Он жевал второй кусок.
— Сегодня я кое о чем подумала.
Он взглянул на нее. Выражение ее лица заставило его отклонить следующий протянутый ему кусок. У него должен быть свободен рот на случай, если понадобится ей отвечать, потому что в глазах Тейлор он увидел такую решимость, что был потрясен.
— О чем же ты думала?
— О любви, — прошептала Тейлор и поставила на стол блюдце с вилкой. — О том, что это величайшее сокровище, которым женщина может поделиться с мужчиной.
Сердце Джексона екнуло.
— Почему это вдруг пришло тебе в голову?
Ее улыбка яркостью могла поспорить с солнечным лучом.
— Я подумала, что люблю тебя почти до боли, но ты мог не поверить мне, если бы я тебе так и сказала, поэтому решила начать с громкого заявления.

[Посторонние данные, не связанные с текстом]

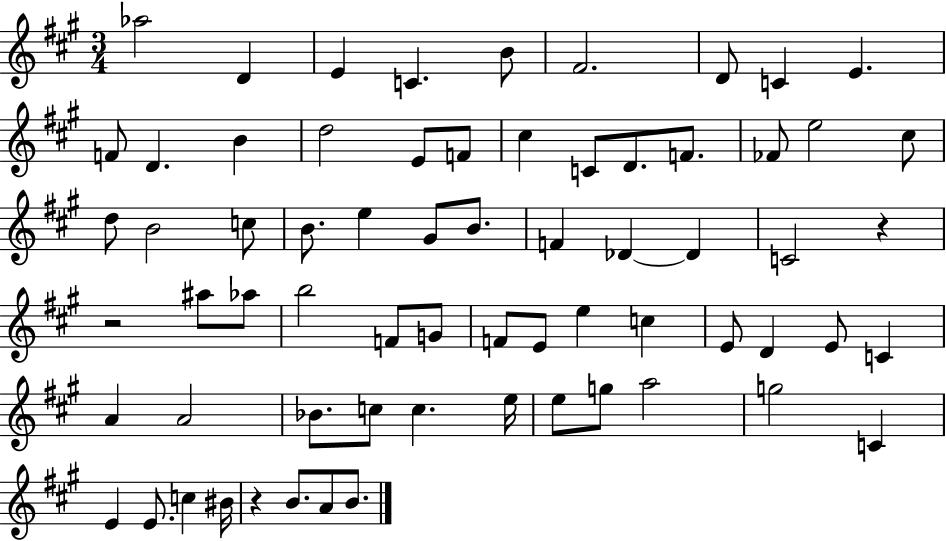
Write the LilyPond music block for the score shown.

Радость, горячая, мощная, слепящая, пронизала все клеточки его тела. Встав, он поднял ее и прижал к себе.
— Я верю тебе.
— Точно? Мне не нужен сердитый муж и сомнения насчет того, почему я его жена и вечно торчу перед глазами.
Никто не посмел бы сомневаться в ее словах, такая убежденность в них сквозила.
— Я знаю, ты не из тех женщин, кто легко разбрасывается подобными заявлениями. Я тебя хорошо знаю.
Он пылко поцеловал ее в губы и понял, чего она жаждет в эту минуту.
Когда они наконец оторвались друг от друга, глаза Джексона встретили взгляд голубых-голубых глаз.
— Бывает, я смотрю на тебя и чувствую, что мое сердце готово взорваться, с такой силой ты на меня действуешь. — Голос Тейлор дрогнул. — Любовь к тебе должна бы меня пугать, но знаешь, что я тебе скажу…
Тронутый ее беспредельной честностью, снедаемый бурей эмоций, Джексон едва мог говорить.
— Скажи мне.
— Я непоколебимо уверена, что все правильно. Ты был предназначен мне.
Целая жизнь, прожитая в одиночестве, растворилась в блистательной правде ее слов.
— Ты моя. Я никогда тебя не отпущу, mia moglie е bellissima.
Его прекрасная жена. Его.
— Слава богу! — Нахмурившись, она добавила: — Не думай, Джексон Санторини, что далеко уйдешь, если попытаешься уйти от меня. Все мое я держу при себе.
Этот жесткий тон заставил Джексона улыбнуться.
— Ti voglio bene. И всегда буду рядом с тобой.
— Ты меня никогда не обманешь, это я знаю. — В ее поцелуе слились огонь и нежность. — А еще — я тебя люблю.